- Former Afghan President Ashraf Ghani spoke to CNN a year after fleeing Kabul.
- In the interview, he rejected allegations of cowardice and corruption.
The last internationally recognized president of Afghanistan isn't interested in playing the blame game — or accepting any blame himself — over the collapse of his government.
"We need to focus on what is now in front of us," Ashraf Ghani, elected in 2014 and living in exile eight years later, said in an interview this month with CNN. "Our country is in dire condition. I do not have the luxury to engage in blaming or [a] sense of betrayal."
In the interview, Ghani criticized the "incredibly flawed" peace agreement that the Trump administration reached with the Taliban, and which the Biden administration honored when it pulled out the last American soldiers almost exactly one year ago. The deal, reached in February 2020, laid out a timeline for the withdrawal of foreign forces in exchange for a stated commitment by the Taliban to ensure Afghanistan would not become a haven for international terrorist organizations. It was followed by the release of hundreds of Taliban militants from Afghan prisons.
To critics, the agreement was merely a pretext for the US to end an unpopular, 20-year occupation. But Ghani, speaking to CNN, said he doesn't blame Washington for the sudden collapse of his government in August 2021, just 16 months later.

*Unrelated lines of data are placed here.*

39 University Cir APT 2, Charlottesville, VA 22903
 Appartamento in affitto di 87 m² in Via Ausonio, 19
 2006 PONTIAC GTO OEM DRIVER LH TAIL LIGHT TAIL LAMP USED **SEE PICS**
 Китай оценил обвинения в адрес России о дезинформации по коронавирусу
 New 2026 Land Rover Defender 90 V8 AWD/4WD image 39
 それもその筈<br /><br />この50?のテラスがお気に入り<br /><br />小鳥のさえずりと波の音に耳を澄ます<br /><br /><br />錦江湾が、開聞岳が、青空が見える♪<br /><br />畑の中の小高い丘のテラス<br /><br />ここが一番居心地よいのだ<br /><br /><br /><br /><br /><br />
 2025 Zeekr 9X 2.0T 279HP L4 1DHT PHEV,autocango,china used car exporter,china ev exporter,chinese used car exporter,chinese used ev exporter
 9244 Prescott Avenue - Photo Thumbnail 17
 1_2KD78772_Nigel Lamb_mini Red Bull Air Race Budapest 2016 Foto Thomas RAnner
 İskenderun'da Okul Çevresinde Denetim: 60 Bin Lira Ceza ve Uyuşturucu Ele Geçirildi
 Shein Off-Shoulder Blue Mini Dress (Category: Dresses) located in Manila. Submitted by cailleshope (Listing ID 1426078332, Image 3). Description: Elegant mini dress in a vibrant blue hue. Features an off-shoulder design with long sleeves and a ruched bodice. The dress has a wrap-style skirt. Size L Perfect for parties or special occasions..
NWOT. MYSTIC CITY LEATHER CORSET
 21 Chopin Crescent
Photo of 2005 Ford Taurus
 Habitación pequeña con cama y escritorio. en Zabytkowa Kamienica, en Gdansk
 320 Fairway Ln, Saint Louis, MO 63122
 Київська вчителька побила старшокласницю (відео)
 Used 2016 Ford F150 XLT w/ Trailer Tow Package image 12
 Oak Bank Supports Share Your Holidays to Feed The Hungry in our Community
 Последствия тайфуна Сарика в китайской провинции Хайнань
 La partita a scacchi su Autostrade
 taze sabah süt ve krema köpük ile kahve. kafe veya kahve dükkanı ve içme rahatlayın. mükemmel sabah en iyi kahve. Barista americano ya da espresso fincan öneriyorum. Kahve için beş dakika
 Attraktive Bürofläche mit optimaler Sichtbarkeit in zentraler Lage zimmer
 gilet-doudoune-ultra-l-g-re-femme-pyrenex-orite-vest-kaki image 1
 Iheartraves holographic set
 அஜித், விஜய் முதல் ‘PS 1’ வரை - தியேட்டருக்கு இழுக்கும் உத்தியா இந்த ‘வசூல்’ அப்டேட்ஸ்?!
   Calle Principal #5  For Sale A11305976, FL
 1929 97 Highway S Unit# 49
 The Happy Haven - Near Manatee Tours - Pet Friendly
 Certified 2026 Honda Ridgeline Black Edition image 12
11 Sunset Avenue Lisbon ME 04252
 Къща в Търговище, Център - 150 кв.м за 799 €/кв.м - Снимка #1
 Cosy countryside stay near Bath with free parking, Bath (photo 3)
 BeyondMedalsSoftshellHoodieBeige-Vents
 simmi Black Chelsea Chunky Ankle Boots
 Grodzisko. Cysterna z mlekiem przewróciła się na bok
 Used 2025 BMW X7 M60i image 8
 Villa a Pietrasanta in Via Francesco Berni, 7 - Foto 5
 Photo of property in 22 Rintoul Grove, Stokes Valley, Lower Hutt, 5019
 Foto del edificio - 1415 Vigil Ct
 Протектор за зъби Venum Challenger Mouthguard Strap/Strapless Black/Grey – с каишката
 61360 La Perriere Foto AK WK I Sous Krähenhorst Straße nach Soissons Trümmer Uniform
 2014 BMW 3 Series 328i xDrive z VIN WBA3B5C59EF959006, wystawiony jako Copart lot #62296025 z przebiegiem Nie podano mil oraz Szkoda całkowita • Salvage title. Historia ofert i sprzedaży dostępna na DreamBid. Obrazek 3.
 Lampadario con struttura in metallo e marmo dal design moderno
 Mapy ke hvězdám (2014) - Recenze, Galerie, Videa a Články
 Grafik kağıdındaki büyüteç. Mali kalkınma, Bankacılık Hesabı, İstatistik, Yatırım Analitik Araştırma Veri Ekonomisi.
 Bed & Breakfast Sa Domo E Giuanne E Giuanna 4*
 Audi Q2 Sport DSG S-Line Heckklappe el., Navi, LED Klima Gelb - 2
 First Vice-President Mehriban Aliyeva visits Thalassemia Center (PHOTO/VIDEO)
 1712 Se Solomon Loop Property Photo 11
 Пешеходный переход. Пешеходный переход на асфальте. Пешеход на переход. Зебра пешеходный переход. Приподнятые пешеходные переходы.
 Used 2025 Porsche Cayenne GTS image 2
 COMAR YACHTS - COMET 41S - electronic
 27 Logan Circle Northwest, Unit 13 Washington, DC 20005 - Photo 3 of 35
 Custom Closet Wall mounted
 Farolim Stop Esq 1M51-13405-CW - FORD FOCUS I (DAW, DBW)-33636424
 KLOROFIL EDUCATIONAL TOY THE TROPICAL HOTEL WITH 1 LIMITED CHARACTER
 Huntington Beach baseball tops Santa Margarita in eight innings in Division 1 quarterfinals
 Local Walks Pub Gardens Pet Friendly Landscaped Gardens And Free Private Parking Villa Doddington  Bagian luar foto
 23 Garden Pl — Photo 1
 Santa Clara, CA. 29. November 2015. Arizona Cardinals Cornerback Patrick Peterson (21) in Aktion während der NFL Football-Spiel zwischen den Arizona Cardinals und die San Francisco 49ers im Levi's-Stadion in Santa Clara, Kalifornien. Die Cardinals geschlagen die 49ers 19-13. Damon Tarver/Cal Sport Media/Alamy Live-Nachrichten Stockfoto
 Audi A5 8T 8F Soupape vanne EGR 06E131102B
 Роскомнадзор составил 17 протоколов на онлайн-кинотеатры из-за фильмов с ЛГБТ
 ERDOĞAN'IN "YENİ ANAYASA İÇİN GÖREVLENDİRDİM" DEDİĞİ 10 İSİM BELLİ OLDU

Others, of course, would point the finger at him. As the Taliban made gains throughout 2021, Ghani reassured his population that his government would not fall — and claimed credit for the withdrawal of US troops that were propping it up.
But as the Taliban entered Kabul, he left on a helicopter. Reports at the time suggested he brought along with bags of cash from the Afghan treasury, allegations that he denies and which have not been substantiated. Now, he lives in an undisclosed villa in the United Arab Emirates.
He rejects the criticism that he abandoned his country — and doesn't care for the unfavorable comparison to Ukraine, where the head of state made a point of remaining in the face of danger.
"President Zelenskyy was informed in detail by the CIA of the forthcoming Russian invasion," Ghani insisted. "We were not offered a single piece of paper by our allies." (Afghan officials, in fact, warned their US allies that their own military was unable to stand up to the Taliban).
Ghani did note an undeniable difference: The US and its allies were eager to pivot away from Afghanistan, "an irreversible decision," whereas "other countries rallied to Ukraine."
As Ghani tells it, leaving Kabul was in fact the final act of a statesman who was dealt a bad hand.
"I was the last to leave and the reason I left is because I did not want to give the Taliban and their supporters the pleasure yet again of humiliating an Afghan president and signing over the legitimacy of the Afghan government," Ghani insisted.
At the time, though, reporting suggested that Ghani was prepared to do just that. A day before he fled — before the exodus of tens of thousands of others who had worked with the US and Afghan governments — an Afghan official told The Wall Street Journal that Ghani wanted to discuss a power-sharing deal with the Taliban. Ghani would be open to stepping down with the agreement in place, the outlet reported.
Yalda Royan, a women's rights activist who fled Kabul after the collapse of the Afghan government, represents the criticisms many Afghans have toward to their country's former president.
"He was a coward," Royan told Insider. "Anyone who is a leader of a country, they have to either stand with the people and die for it — or just admit and say 'sorry' to the people of Afghanistan," she said.
But Ghani is unapologetic, accusing those who hold him responsible for the collapse of his government are simply looking for a "fall guy."
"I've lived an honorable life," he told CNN.